My family from Mesa Grande, Great-Great-Great grandfather was a chief. My grandfather was a chief. My uncle was a chief. My cousin was a chief, too.  Chief Geronimo was my distant relative. His mother was my Great-Great-Great aunt. 

In the mid-1700s, Junipero Serra and the Spaniard soldiers arrived in California, to build the first three missions in San Diego and on up to San Francisco, a total of 21 missions. The Mission Indians were enslaved, used for forced labor, abused and sick from the diseases that the Spaniard soldiers brought in, and killed by them. Our original Kumeyaay names were replaced with the Spanish names by the Roman Catholic mission to the California Mission Indians. 

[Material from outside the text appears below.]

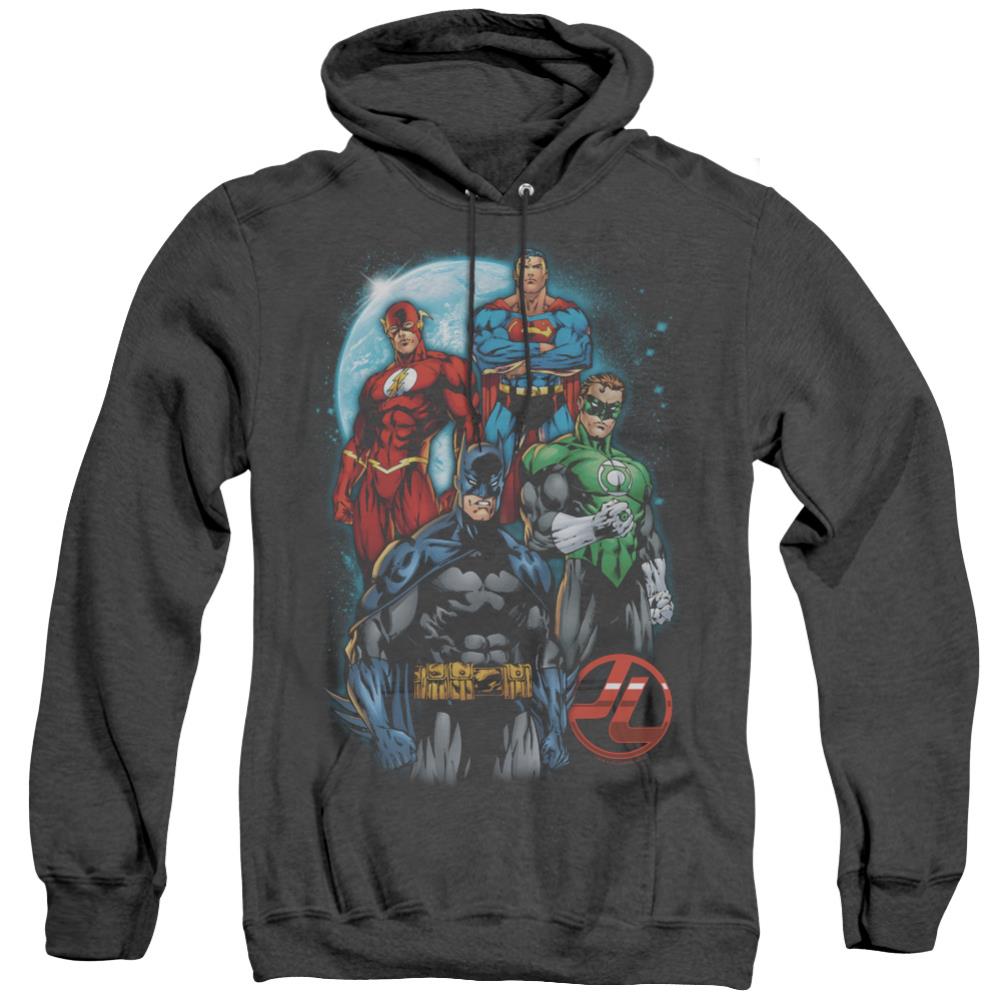 Justice League Of America The Four Men's Pull-Over Hoodie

There is a protest at the US/Mexico Border, fighting for the Kumeyaay Nation rights, preserving our sacred lands with artifacts and remains that would be destroyed due to President Trump ordering the wall to be built there.

Artist’s Statement:

My work has a centralized focus that makes a theme; and using categories such as resistance, affirmation and liberation art. I create images that show blue tapes, yellow lights, hands, eyes, elephant, horse, strings, cracks, band-aids, etc. Primary colours are what I use in my paintings. I also use monochrome for reinforcement. In 2009, I learned about the Deaf Culture and started new ideas from reading Paddy Ladd’s book, “Understanding Deaf Culture in Search of Deafhood” and that was when I decided to make art that focuses on Deaf experience. I picked red, yellow and blue colours because I want to challenge myself with very limited use of colours. I want the audience to recognize who I am, using three colours. Each colour has a meaning. Red means empowerment. Yellow means HOPE and light Deaf people need to see each other. Blue means AUDISM. I felt these elements make art so powerful to the Deaf and Hearing society. I make a political statement. I capture today’s society that needed attention because it is long overdue. Part of it, is to educate and part of it is a wake- up call.

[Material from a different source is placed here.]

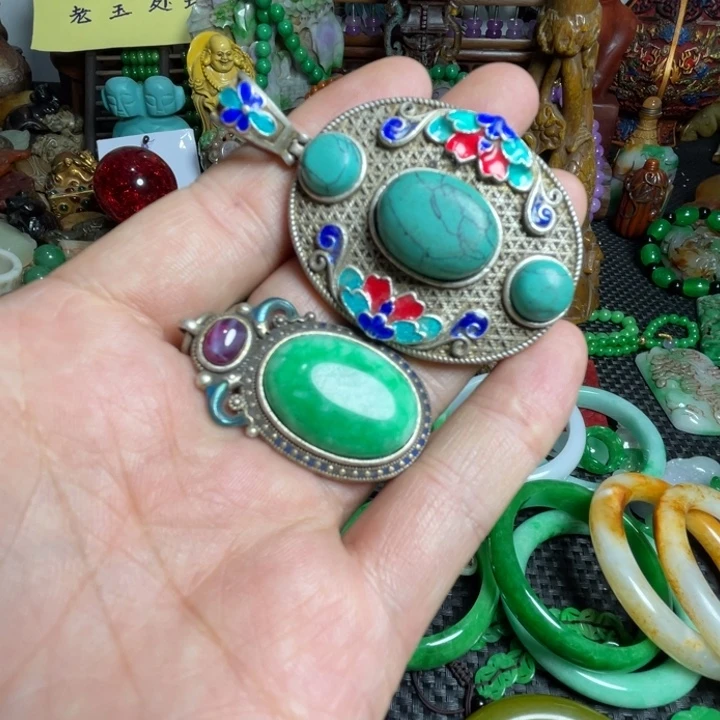 留***爱滴血莲花菩提吊坠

These influences came from painters Jean Michel Basquiat and Jacob Lawrence, who studied the civil rights movement. In resistance art, the work shows mask of benevolence, linguistic controversy, oralism, mainstreaming, genetic engineering, communication barrier, colonialism, paternalism, audism and identity struggle. In affirmation art, the work shows empowerment, ASL, Deaf culture, identity, acceptance, Deaf history and Deafhood. In liberation art, I transform resistance into affirmation that makes it empowerment. I paint how Deaf people have been controlled by predominantly audist environments. I seek to portray on how much suffering and submissive Deaf people were, many years when Aristotle (384- 322 BC) said “Deaf born senseless and incapable to reason.” I felt this was important for the audience to see who and what our human rights are. Discrimination was too much and this is what I am painting today.